[Crawled caption data]
+++++
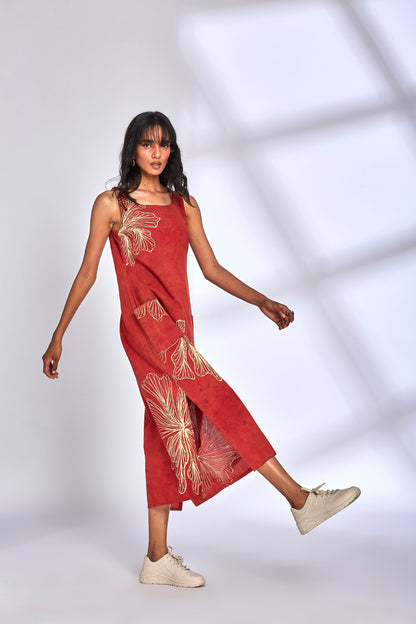 Aura Red Dress by Hasttvam with at Kamakhyaa for sustainable fashion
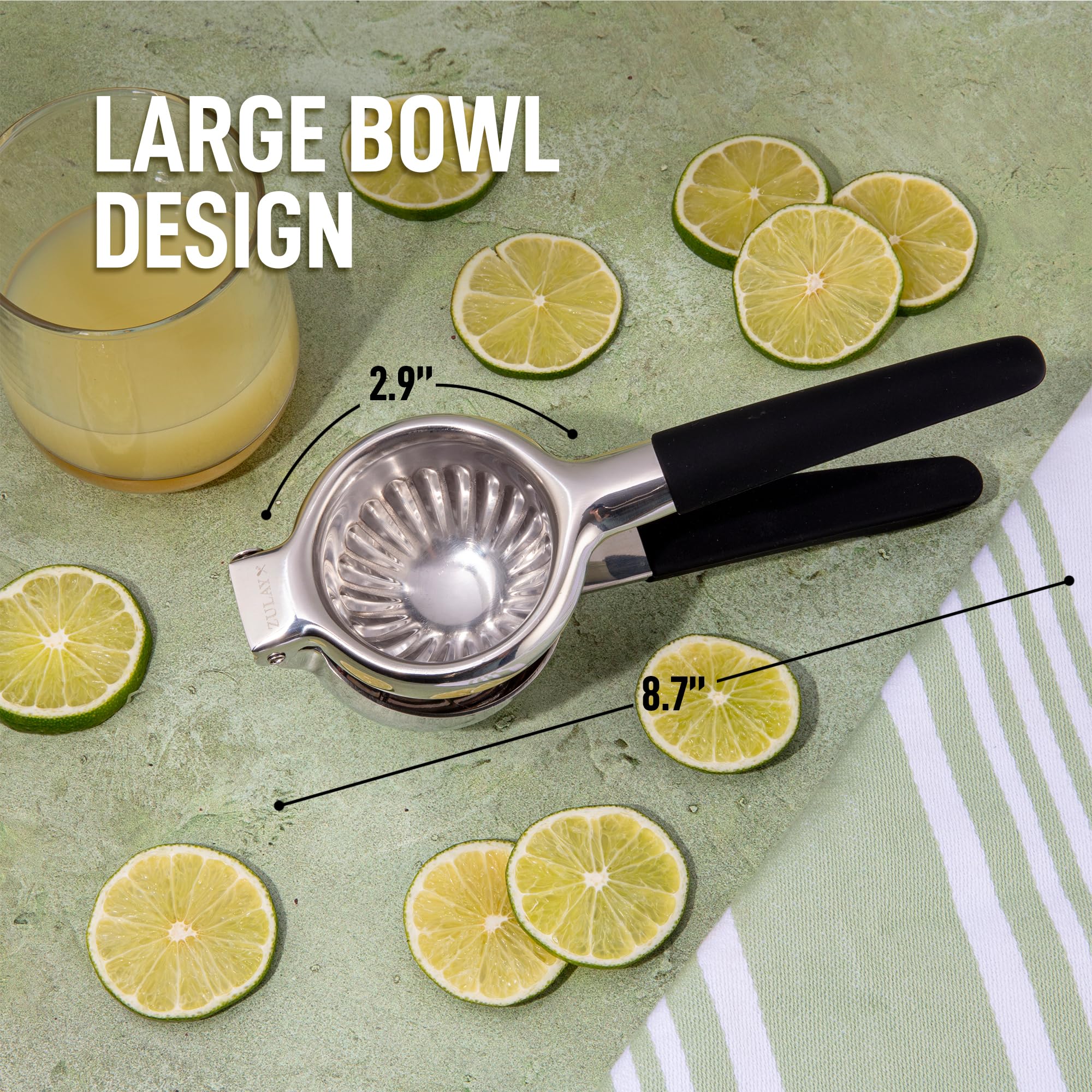 Close-up of Zulay lemon squeezer blue handle for comfortable squeezing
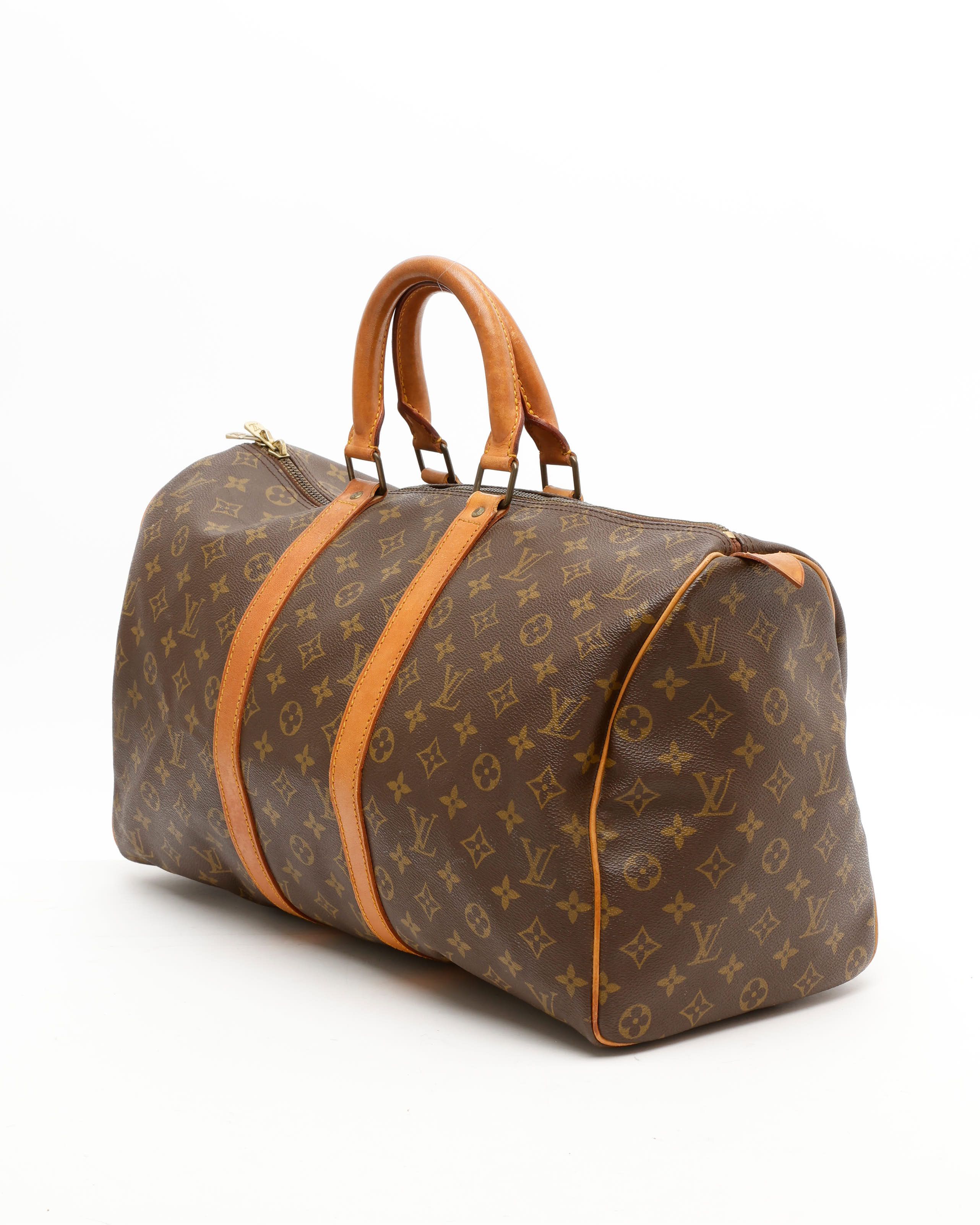 Pre-owned Louis Vuitton Monogram Keepall 45 Weekend Bag In Brown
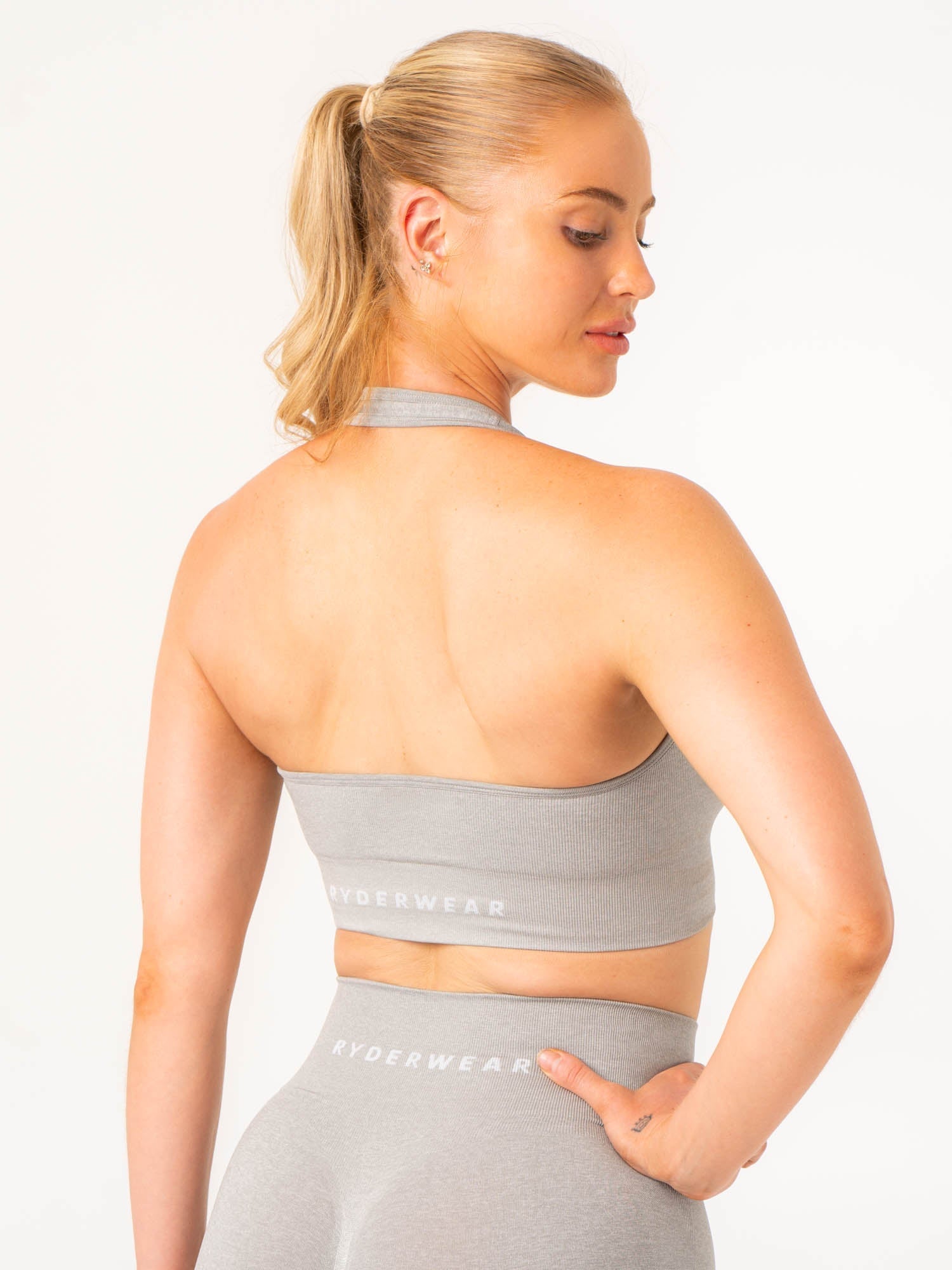 Contour Halter Bra - Light Grey Marl - Comfortable Support for Yoga, Workouts & Everyday Wear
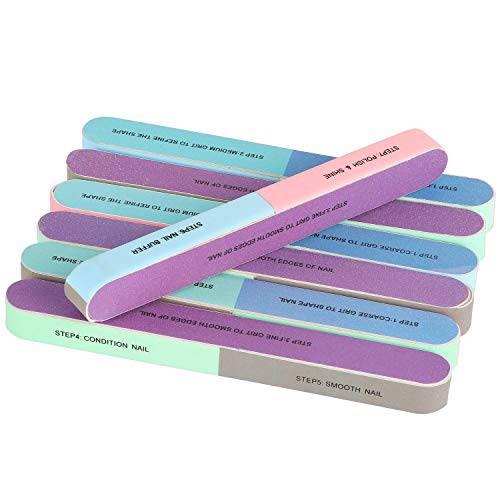 24 Pieces Nail Files 7 Sided Nail Buffering Files 7 Steps Washable Emery Boards Nail Buffer Blocks for Home and Salon Use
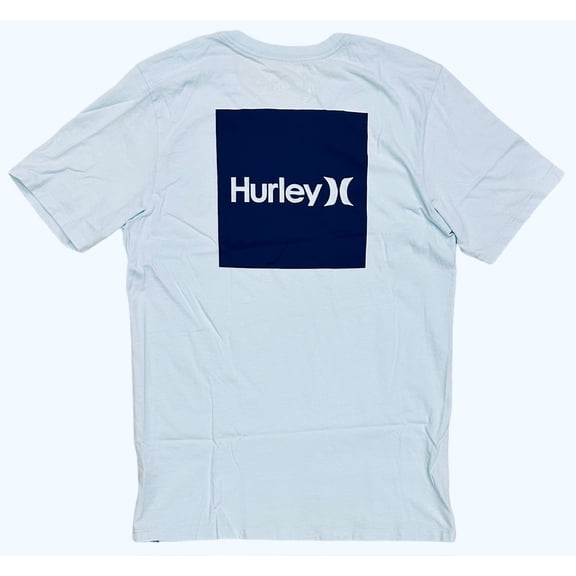 Hurley Men's Everyday Washed One and Only Boxed Logo Short Sleeve Tee T-Shirt (Small, Glacier Blue)
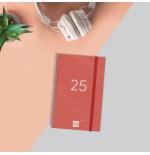 25803-AGENDA 2025 BASIC YEAR E5 117X181MM DIA PAGINA ROJO FINOCAM 741093025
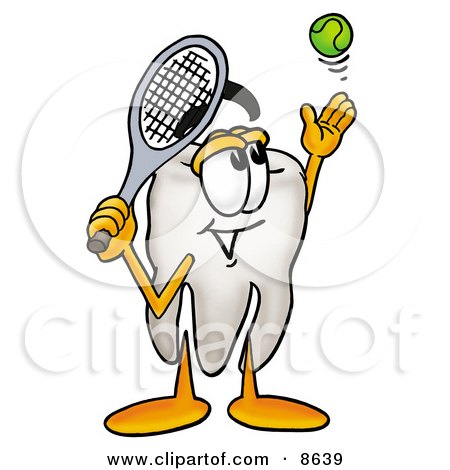 Clipart Picture of a Tooth Mascot Cartoon Character Preparing to Hit a Tennis Ball by Mascot Junction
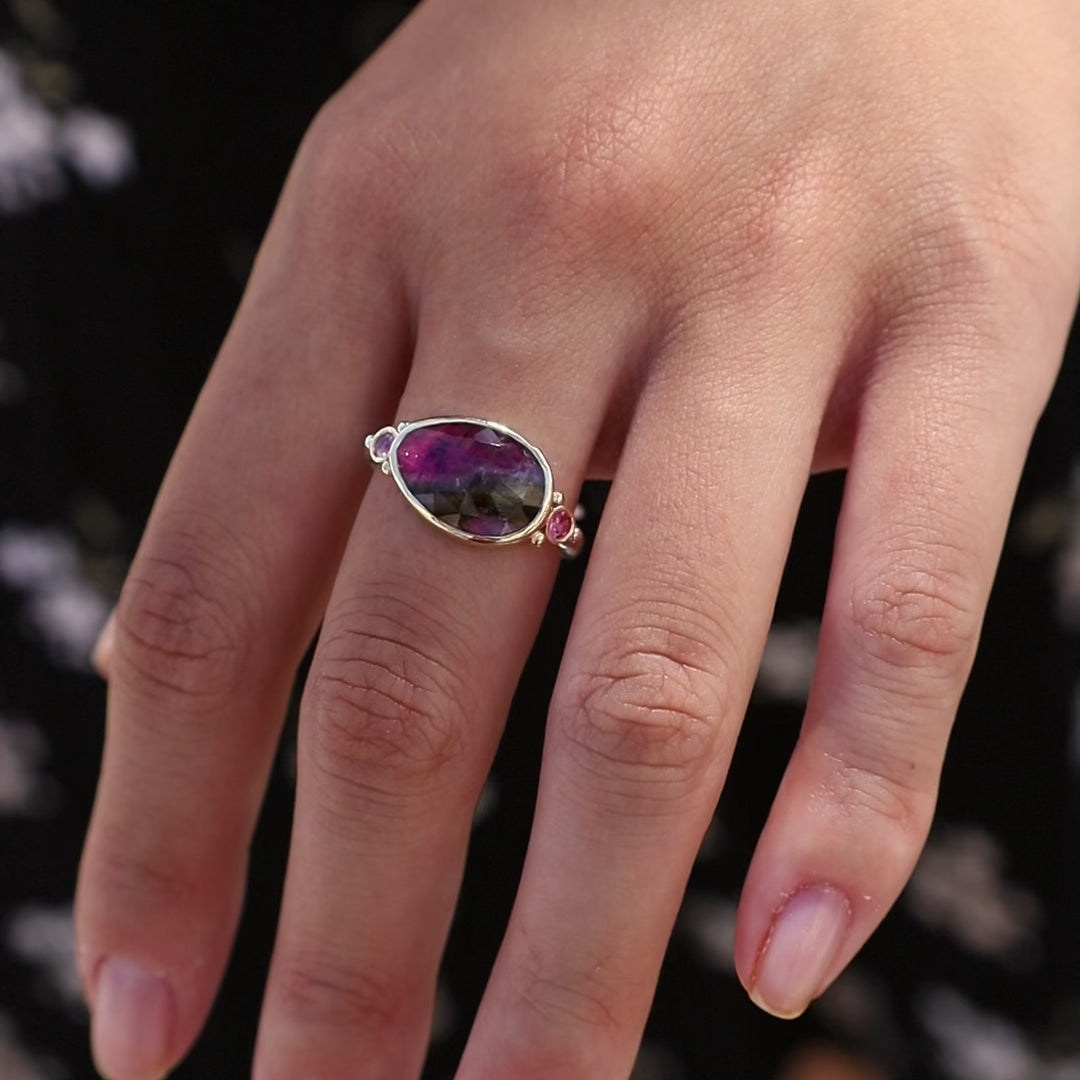 14K Yellow Gold & Sterling Silver Pink Striped Tourmaline with Sapphires Ring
+++++
> THE PROBLEM
Please write out all the entries above again exactly as they appear, skipping any images.

> WRITTEN SOLUTION
 Aura Red Dress by Hasttvam with at Kamakhyaa for sustainable fashion
 Close-up of Zulay lemon squeezer blue handle for comfortable squeezing
 Pre-owned Louis Vuitton Monogram Keepall 45 Weekend Bag In Brown
 Contour Halter Bra - Light Grey Marl - Comfortable Support for Yoga, Workouts & Everyday Wear
 24 Pieces Nail Files 7 Sided Nail Buffering Files 7 Steps Washable Emery Boards Nail Buffer Blocks for Home and Salon Use
 Hurley Men's Everyday Washed One and Only Boxed Logo Short Sleeve Tee T-Shirt (Small, Glacier Blue)
 25803-AGENDA 2025 BASIC YEAR E5 117X181MM DIA PAGINA ROJO FINOCAM 741093025
 Clipart Picture of a Tooth Mascot Cartoon Character Preparing to Hit a Tennis Ball by Mascot Junction
 14K Yellow Gold & Sterling Silver Pink Striped Tourmaline with Sapphires Ring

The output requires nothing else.